Selections are easy to combine to create more complex selection. You can, for example, get only the birth dates from January that were also on Monday.
bd.isInJanuary().and(bd.isMonday())
or, all the birth dates in January, and all the Mondays:
bd.where(bd.isInJanuary().or(bd.isMonday()))
or, all the dates in January that were not Mondays:
bd.where(bd.isInJanuary().andNot(bd.isMonday()))
A list of the built-in filters is below.
Finally, you can combine these “where clauses” with methods that filter by index. For example:
Table t1 = t.where(Selection.withRange(100, 300).and(sc.startsWith("Foo")));
first selects the rows in the range 100 to 300, and then intersects that result with the query sc.startsWIth("Foo")
.
Writing your own filter methods
To write a custom filter method for a column, you first create a predicate, and then pass it to an eval() method on your column. Here’s an example with NumberColumns.
public abstract Selection apply(Table relation);
Here’s an example. We write a filter that only selects prime numbers:
// first we create a predicate
DoublePredicate isPrime = new DoublePredicate() {
@Override
public boolean test(double value) {
// is it's not an int return false
if (!((value == Math.floor(value)) && !Double.isInfinite(value))) {
return false;
}
int n = (int) value;
if (n < 2 || n % 2 == 0)
return false;
// only odd factors need to be tested up to n^0.5
for (int i = 3; i * i <= value; i += 2) {
if (value % i == 0)
return false;
}
return true;
}
};
// then use eval to return a selection
Combining filters
You can combine filters to query a table on the values in multiple columns.
Table filtered = aTable.where(
aTable.stringColumn("Status").isEqualTo("Ok")
.and(aTable.numberColumn("Age").isGreaterThan(21)));
Filter by index
You can select rows by specifying the index (zero-based):
t.rows(i...)
You can also select by range:
t.inRange(start, end)
You can also select a random sample of data.
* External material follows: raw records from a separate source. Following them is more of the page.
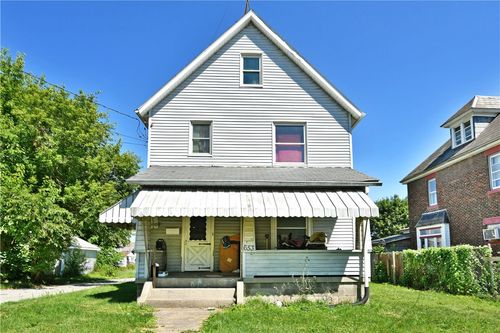 653 S State Line Rd, Sharon, PA, 16146-1151 | Card Image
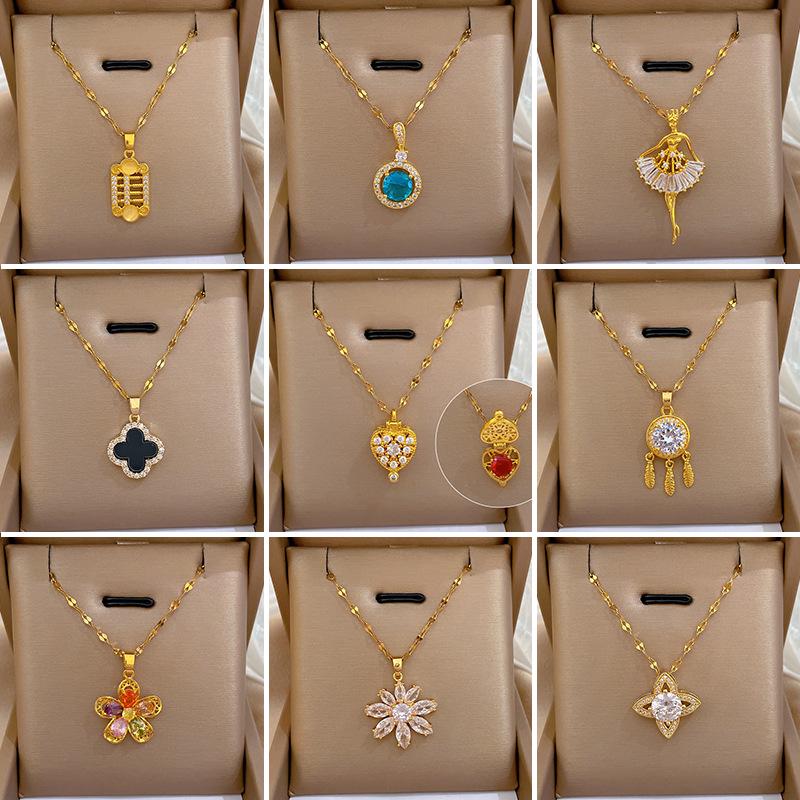 Personalized Titanium Steel Sparkling Necklace for Women – Lively Luck Pendant with Chic Design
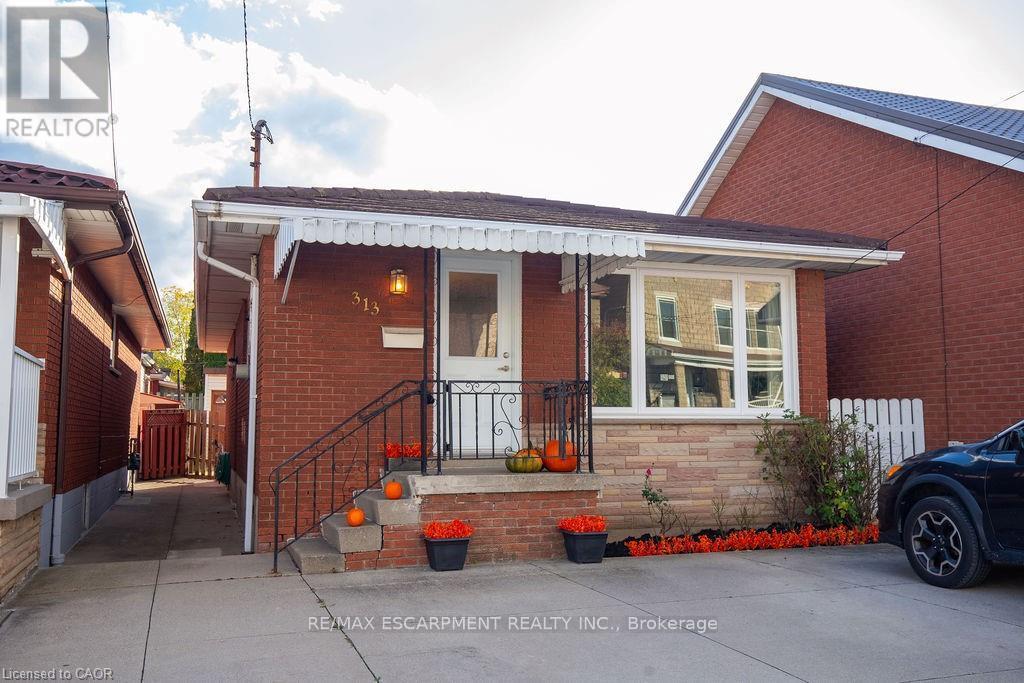 313 BARTON STREET W - 2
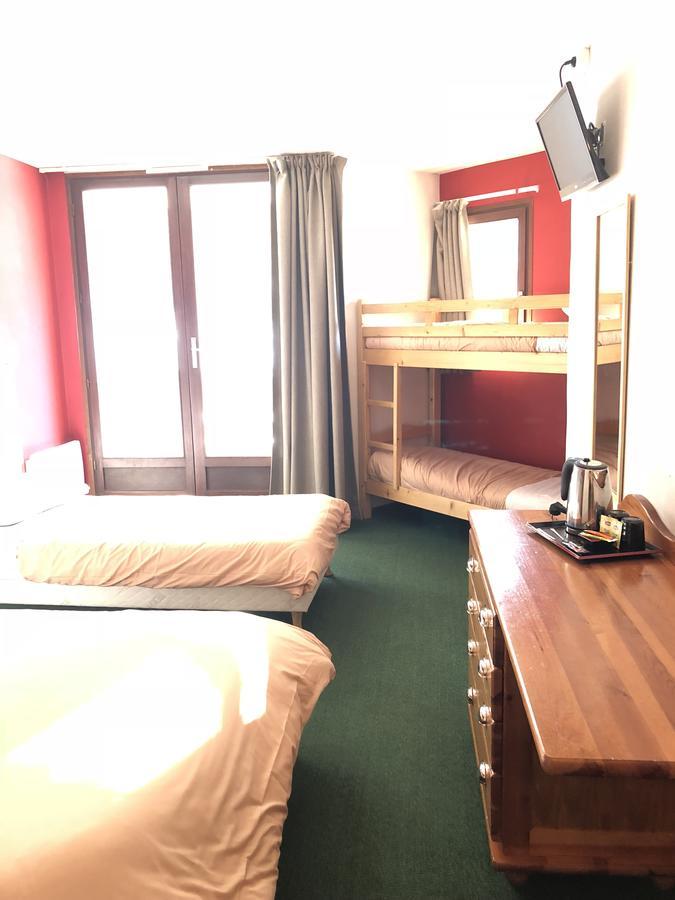 Hotel Les Trappeurs ليه أورس المظهر الخارجي الصورة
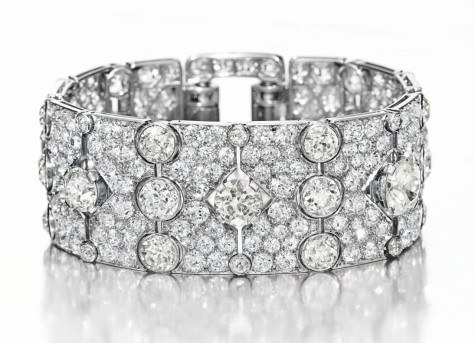 How To Hide Skin Problems And Wrinkles Using Jewelry? 35 2567_184_An-Art-Deco-Diamond-Bracelet-by-Cartier-1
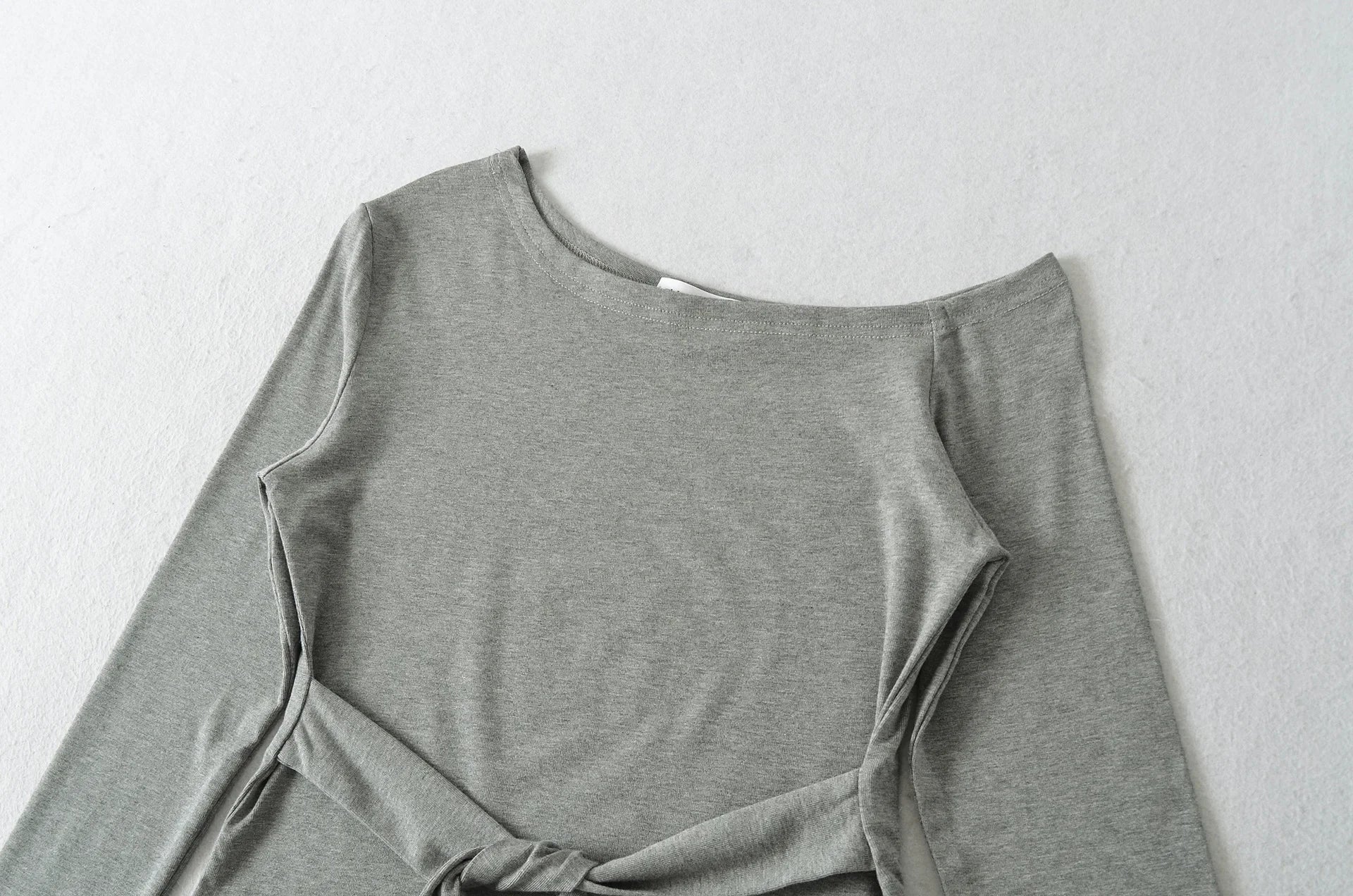 Sexy Long Sleeve T-Shirt Women's Waist Cinched Shoulder Bared Strap Design Autumn 2025 Irregular Halter Neck Top for Trendy Girl.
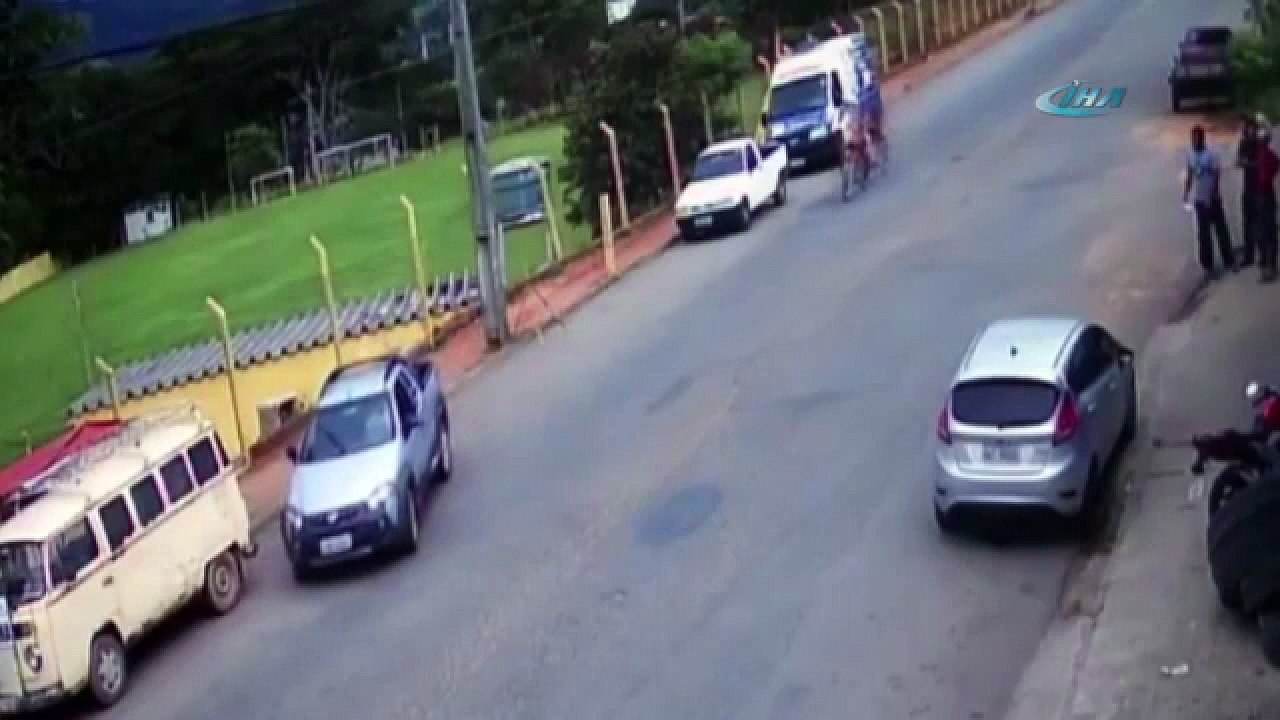 Gözlerinize inanamayacaksınız: Bu kazadan kurtuldu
See the section on Sampling for more detail.
Sampling
The line below returns a table containing 50 randomly sampled rows from table t.
Table sample = t.sampleN(50);
Alternately, you can specify the sample size as a proportion of the table size using sampleX(aDouble):
Table sample = t.sampleX(.40);
You can also divide the table in two, assigning rows randomly to each, and return both sub-tables in an array. The code below puts ~ 1/3 of the rows in the results[0], and the other 2/3rds in results[1]. This is handy for separating data into a training and test subsets for machine learning applications.
Table[] results = Table.sampleSplit(.333);
Excluding some columns from the result
You may want to exclude some of the columns in the original from the new table. To do this, you could simply execute the queries as above, and then eliminate columns from the new table as a separate step:
filtered = aTable.where(aTable.stringColumn("Status").isEqualTo("Ok"));
filtered = filtered.removeColumns("startDate", "value");
Alternately, you could specify the desired subset of columns as part of the query:
Table filtered = aTable.select("name","status")
.where(aTable.stringColumn("Status").isEqualTo("Ok"));
Given a list of columns as arguments, the select() statement returns a table containing only those columns. By chaning select() and where(), you get something that looks a lot like a sql statement that returns a subset of the data in the original table.
Current list of provided column filters
All the methods below return a Selection.
General Filters (apply to all types)
isEqualTo(Comparable c)
greaterThan(Comparable c)
greaterThanOrEqualTo(Comparable c)
lessThan(Comparable c)
lessThanOrEqualTo(Comparable c)
between(Comparable a, Comparable b)
isIn(List aList)
isMissing()
isNotMissing()
String Filters
equalToIgnoringCase(String string)
startsWith(String string)
endsWith(String string)
contains(String string)
matchesRegex(String string)
isEmpty(String string)
isAlpha()
isNumeric()
isAlphaNumeric()
isUpperCase()
isLowerCase()
hasLengthEqualTo(int lengthChars)
hasLengthLessThan(int lengthChars)
hasLengthGreaterThan(int lengthChars)
Number Filters
isPositive()
isNegative()
isNonNegative()
isZero()
isEven()
isOdd()
isCloseTo(float target);
isCloseTo(double target)
Date Filters
equalTo(LocalDate date)
before(LocalDate date)
after(LocalDate date)
inYear(int fourDigitYear)
inQ1()
inQ2()
inQ3()
inQ4()
inJanuary(), inFebruary(), …, inDecember()
sunday(), monday(), …, saturday()
firstDayOfMonth()
lastDayOfMonth()
Time Filters
midnight()
AM()
PM()
DateTime Filters
All of the filters provided for Dates and Times are available for DateTimeColumns.
Boolean (column) filters
isTrue()
isFfalse()